Should an entry contain an image, leave the image out and repeat the entry's text exactly.

----------------

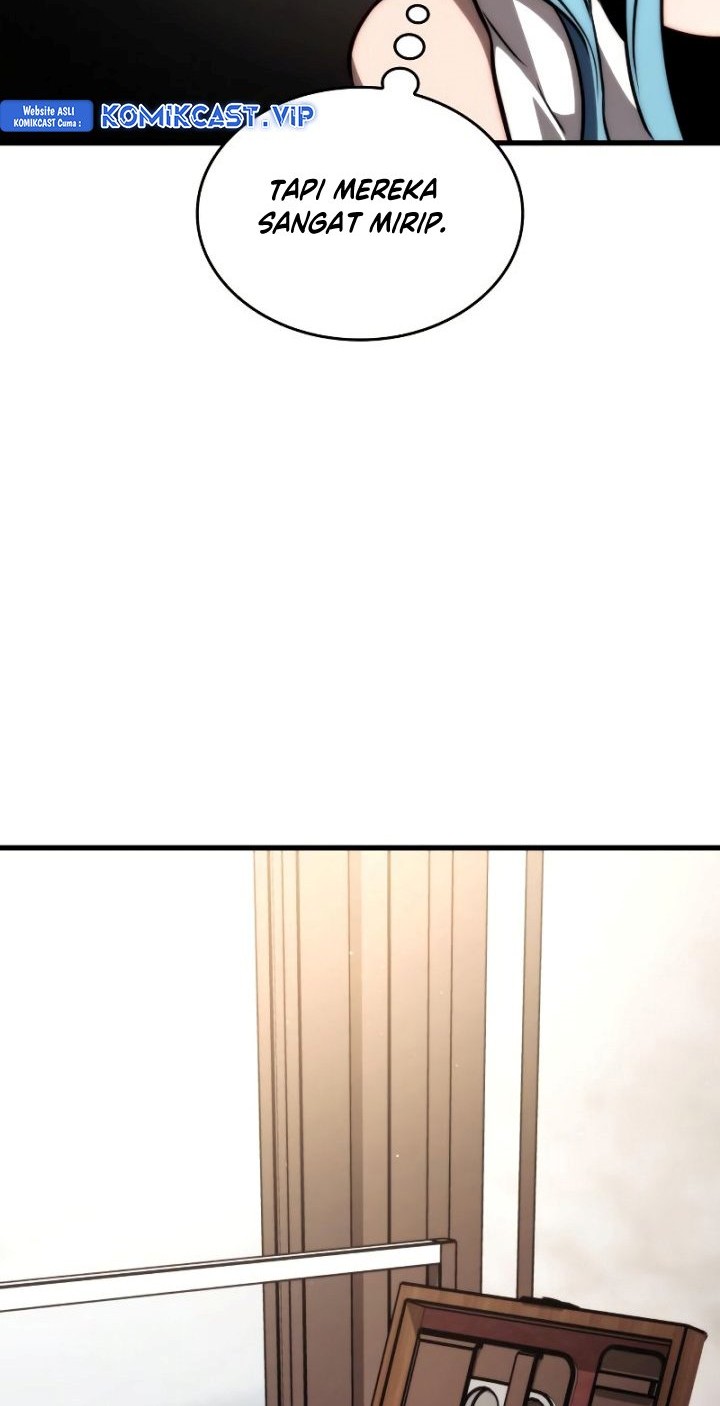Halaman 404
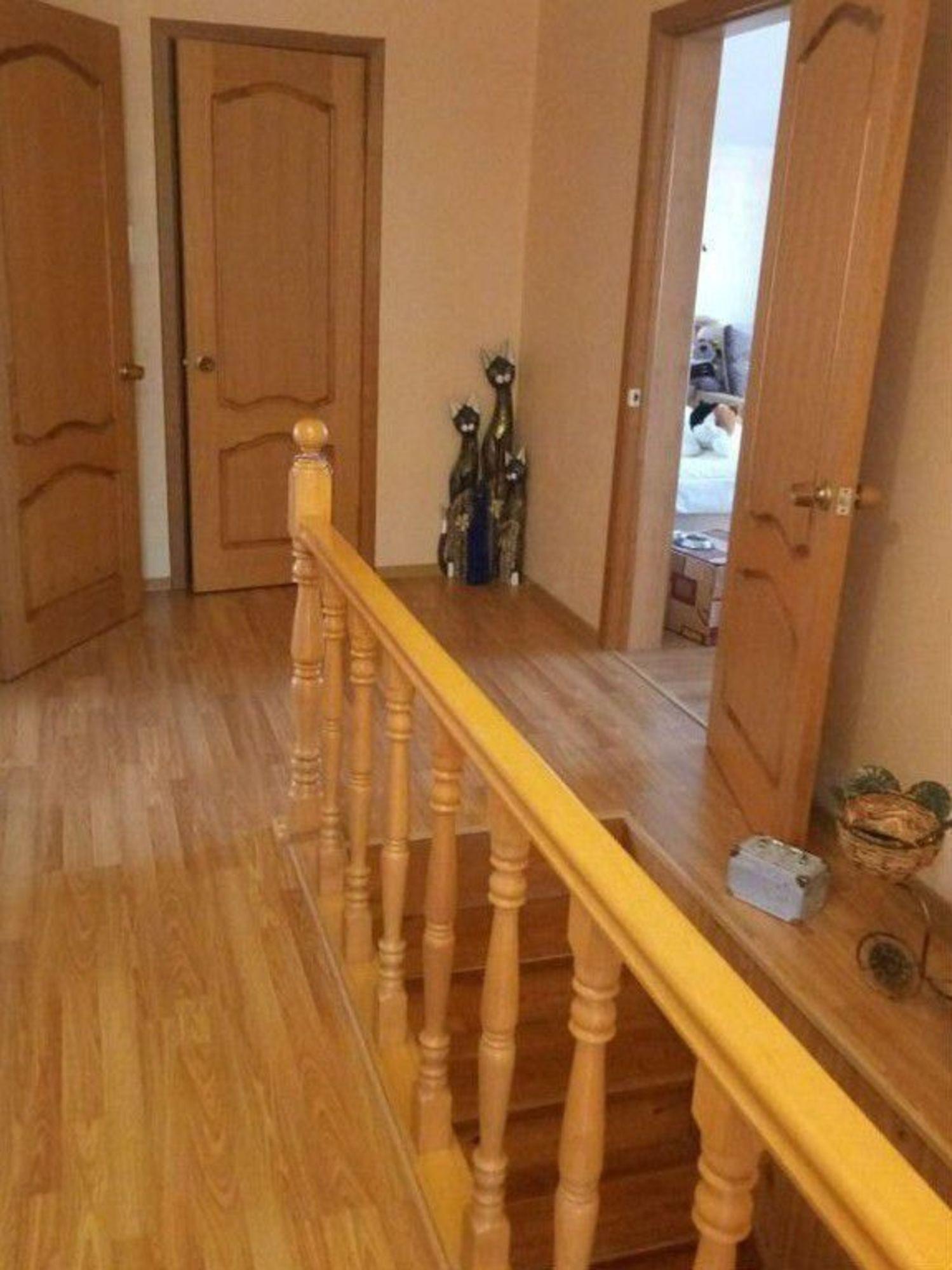Купить дачу, дом, коттедж за 25 000 000 рублей на Московская улица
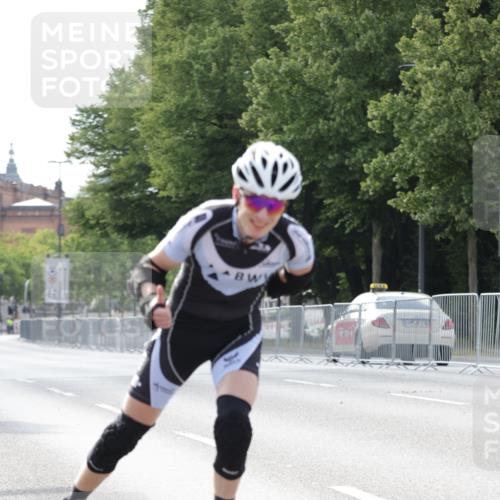 29.06.2025 - hella hamburg halbmarathon Jannik Wohlers http://msf.ph/oto/8289227 29.06.2025 08:54:02 Lombardsbrücke  meine-sportfotos.de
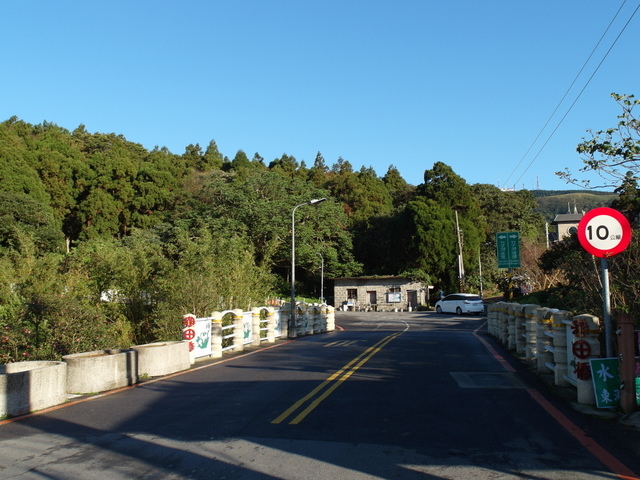 竹子湖步道 (332).JPG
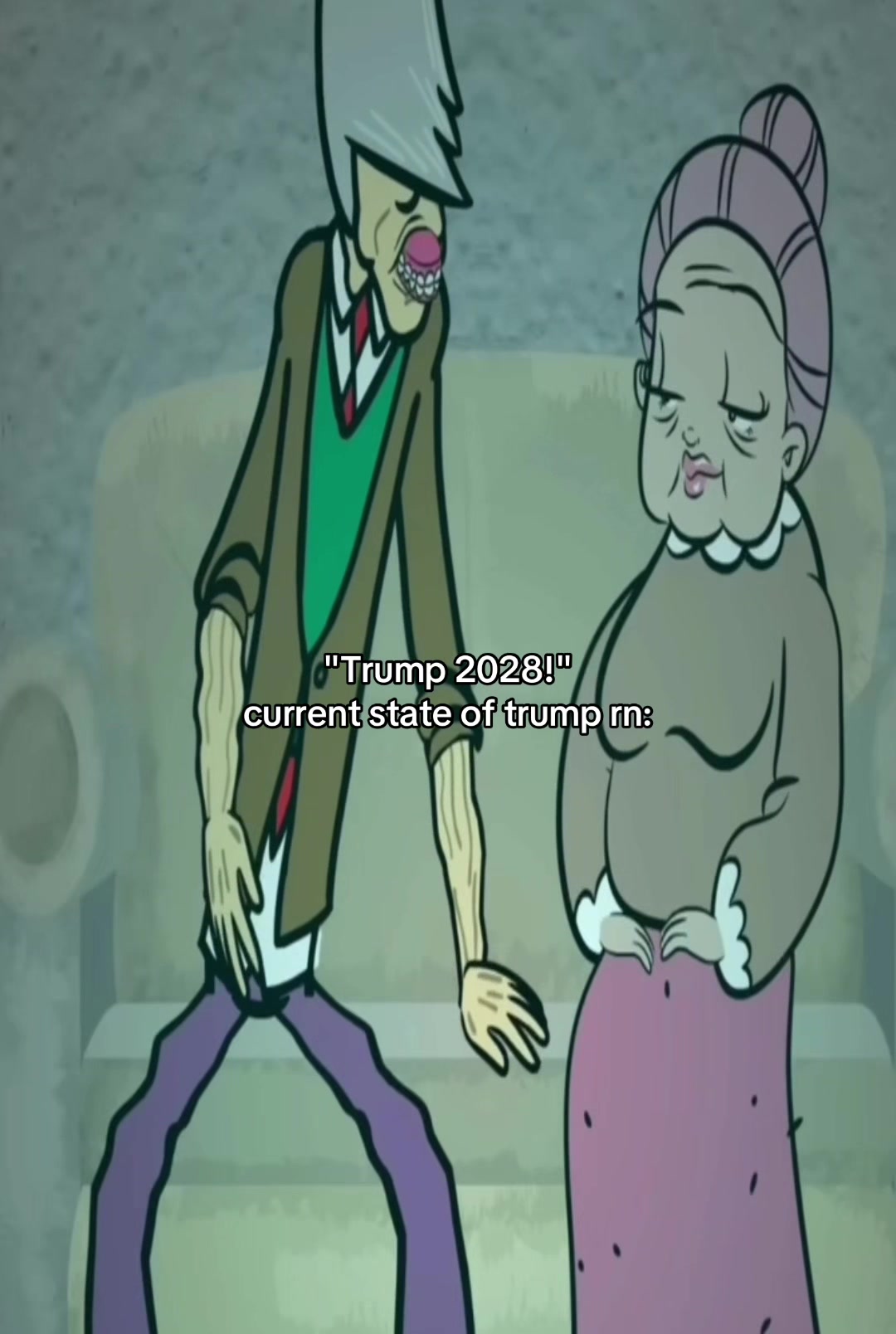 @fragrance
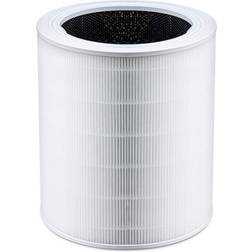 Levoit Filter for Core 400S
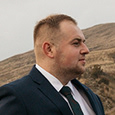 Jarosław Proćko's profile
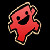 super meat boy icon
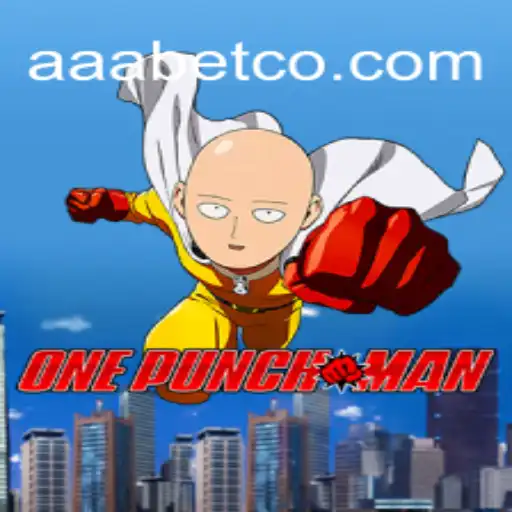Unveiling OnePunchMan: A Dynamic Gaming Experience with AAA.bet
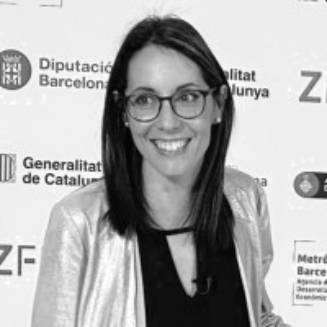 Mireia Gilibert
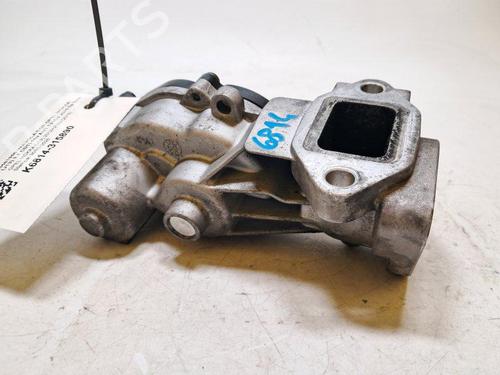 Used Egr Egr OPEL MOKKA / MOKKA X (J13) 1.7 CDTI (_76) (131 hp) 33687516 33687516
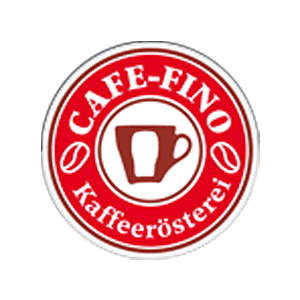 Cafe Fino Kaffeer&ouml;sterei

----------------

### RESULT BELOW
Halaman 404
Купить дачу, дом, коттедж за 25 000 000 рублей на Московская улица
 29.06.2025 - hella hamburg halbmarathon Jannik Wohlers http://msf.ph/oto/8289227 29.06.2025 08:54:02 Lombardsbrücke  meine-sportfotos.de
 竹子湖步道 (332).JPG
 @fragrance
 Levoit Filter for Core 400S
 Jarosław Proćko's profile
 super meat boy icon
Unveiling OnePunchMan: A Dynamic Gaming Experience with AAA.bet
 Mireia Gilibert
 Used Egr Egr OPEL MOKKA / MOKKA X (J13) 1.7 CDTI (_76) (131 hp) 33687516 33687516
 Cafe Fino Kaffeer&ouml;sterei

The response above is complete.